Characterization of bone resorptive mediators in active periapical lesions.

作者信息

Stashenko P, Wang C Y

机构信息

Forsyth Research Institute Boston.

出版信息

Proc Finn Dent Soc. 1992;88 Suppl 1:427-32.

PMID:1508901
Abstract

The mechanism of bone destruction in periapical lesions was studied using a rat model system. Periapical lesions were induced by pulp exposure and infection from the oral environment. Lesions expanded most rapidly between induction on day 0 and day 15 ("active phase"), with enlargement occurring at a slower rate thereafter (days 20 and 30, "chronic phase"), as assessed by radiography and automated image analysis. Pooled extracts of day 15 periapical tissues contained significant levels of bone resorbing activity (BRA), as determined by 45Ca release from fetal rat long bones. Normal rat dental pulp and periodontal ligament contained no activity.
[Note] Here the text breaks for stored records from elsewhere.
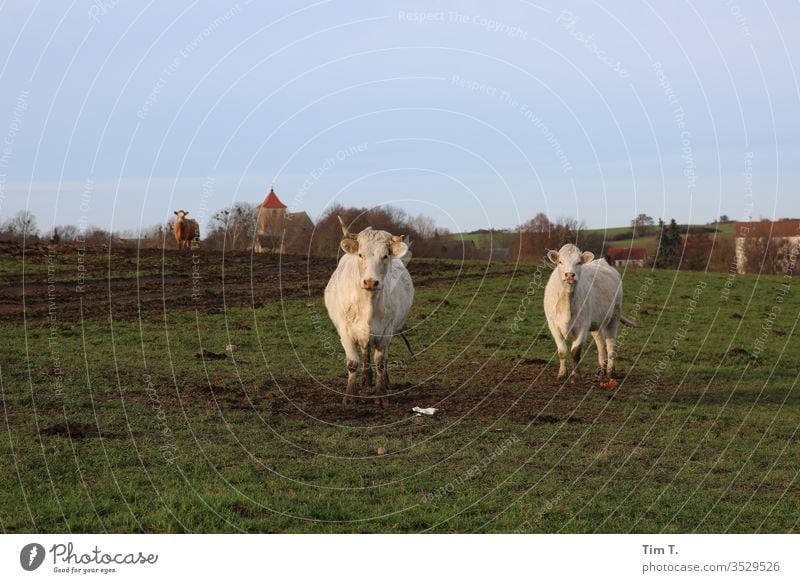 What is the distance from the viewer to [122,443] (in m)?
10.9

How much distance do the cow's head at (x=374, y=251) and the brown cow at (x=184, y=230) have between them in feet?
109

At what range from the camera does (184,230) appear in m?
44.8

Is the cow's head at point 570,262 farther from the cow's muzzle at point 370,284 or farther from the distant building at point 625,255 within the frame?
the distant building at point 625,255

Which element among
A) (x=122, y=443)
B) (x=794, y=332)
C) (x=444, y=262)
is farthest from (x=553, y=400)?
(x=444, y=262)

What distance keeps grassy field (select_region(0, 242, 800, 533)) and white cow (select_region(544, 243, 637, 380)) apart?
33.3 inches

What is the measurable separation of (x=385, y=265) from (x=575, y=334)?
541cm

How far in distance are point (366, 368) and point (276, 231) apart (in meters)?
26.4

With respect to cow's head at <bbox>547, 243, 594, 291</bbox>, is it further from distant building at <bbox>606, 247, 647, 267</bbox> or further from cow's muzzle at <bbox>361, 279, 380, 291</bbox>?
distant building at <bbox>606, 247, 647, 267</bbox>

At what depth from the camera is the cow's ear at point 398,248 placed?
13.1 metres

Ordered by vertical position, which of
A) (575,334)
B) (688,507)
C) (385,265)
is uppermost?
(385,265)

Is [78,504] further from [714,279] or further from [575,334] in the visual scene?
[714,279]

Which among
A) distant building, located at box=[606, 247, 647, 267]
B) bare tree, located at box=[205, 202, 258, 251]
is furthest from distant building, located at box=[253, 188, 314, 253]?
distant building, located at box=[606, 247, 647, 267]

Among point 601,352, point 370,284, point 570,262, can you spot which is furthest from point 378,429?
point 601,352

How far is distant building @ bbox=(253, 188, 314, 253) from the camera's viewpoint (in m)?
34.9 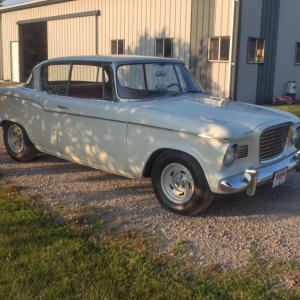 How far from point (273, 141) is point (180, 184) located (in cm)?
117

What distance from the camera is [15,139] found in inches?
278

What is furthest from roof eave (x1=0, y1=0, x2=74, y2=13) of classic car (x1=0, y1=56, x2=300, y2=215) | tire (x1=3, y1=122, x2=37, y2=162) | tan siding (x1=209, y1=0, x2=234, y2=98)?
classic car (x1=0, y1=56, x2=300, y2=215)

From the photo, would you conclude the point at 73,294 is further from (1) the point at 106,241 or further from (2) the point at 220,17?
(2) the point at 220,17

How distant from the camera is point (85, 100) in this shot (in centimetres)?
572

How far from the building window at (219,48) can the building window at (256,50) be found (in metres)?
0.94

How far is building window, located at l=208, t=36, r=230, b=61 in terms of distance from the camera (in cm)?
1519

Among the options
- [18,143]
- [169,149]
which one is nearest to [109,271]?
[169,149]

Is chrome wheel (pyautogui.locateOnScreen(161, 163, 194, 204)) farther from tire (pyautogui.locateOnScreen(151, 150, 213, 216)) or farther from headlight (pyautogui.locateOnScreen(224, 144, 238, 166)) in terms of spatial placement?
headlight (pyautogui.locateOnScreen(224, 144, 238, 166))

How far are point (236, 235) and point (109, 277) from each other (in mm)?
1529

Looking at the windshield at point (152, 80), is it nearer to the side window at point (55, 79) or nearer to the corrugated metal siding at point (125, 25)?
the side window at point (55, 79)

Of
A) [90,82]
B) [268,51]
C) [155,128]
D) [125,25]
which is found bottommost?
[155,128]

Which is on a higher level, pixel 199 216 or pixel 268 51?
pixel 268 51

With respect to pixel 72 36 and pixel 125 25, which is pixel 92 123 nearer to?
pixel 125 25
In kinetic experiments, highest levels of BRA were detected in active phase tissues on days 10 and 15, with BRA declining thereafter in chronic phase tissues to near baseline levels by day 30. In characterization studies, BRA in pooled day 15 tissue extracts was unaffected by treatment with polymyxin B, but was completely abolished by proteinase K treatment or heating to 70 degrees C, indicating an active moiety distinct from bacterial LPS, probably a protein(s). FPLC gel filtration chromatography revealed that BRA could be resolved into four major peaks, of MW 30-60 kD (Peak I); 15-20 kD (II); 1-2 kD (III); less than 1kD (IV), consistent with the presence of the following bone resorptive mediators: (I) cytokines TNF alpha, TNF beta and/or unprocessed IL-1 alpha; (II) processed IL-1 alpha and/or IL-1 beta; (IV) PGE2. These findings demonstrate that bone resorbing activity is temporally related to bone destruction, and that the activity present during the rapid phase of periapical lesion expansion is primarily attributable to bone resorptive cytokines.

摘要

使用大鼠模型系统研究了根尖周病变中骨破坏的机制。通过牙髓暴露和口腔环境感染诱导根尖周病变。通过X射线摄影和自动图像分析评估,病变在第0天至第15天诱导期间(“活跃期”)扩张最快,此后扩张速度较慢(第20天和第30天,“慢性期”)。第15天根尖周组织的合并提取物含有显著水平的骨吸收活性(BRA),这是通过从胎鼠长骨中释放45Ca来确定的。正常大鼠牙髓和牙周韧带无活性。在动力学实验中,在第10天和第15天的活跃期组织中检测到最高水平的BRA,此后BRA在慢性期组织中下降,到第30天降至接近基线水平。在特性研究中,第15天组织合并提取物中的BRA不受多粘菌素B处理的影响,但经蛋白酶K处理或加热至70℃后完全消除,表明活性部分不同于细菌脂多糖,可能是一种蛋白质。快速蛋白质液相色谱凝胶过滤层析显示,BRA可分为四个主要峰,分子量分别为30 - 60kD(峰I);15 - 20kD(II);1 - 2kD(III);小于1kD(IV),这与以下骨吸收介质的存在一致:(I)细胞因子TNFα、TNFβ和/或未加工的IL - 1α;(II)加工后的IL - 1α和/或IL - 1β;(IV)前列腺素E2。这些发现表明骨吸收活性与骨破坏在时间上相关,并且根尖周病变快速扩张阶段存在的活性主要归因于骨吸收细胞因子。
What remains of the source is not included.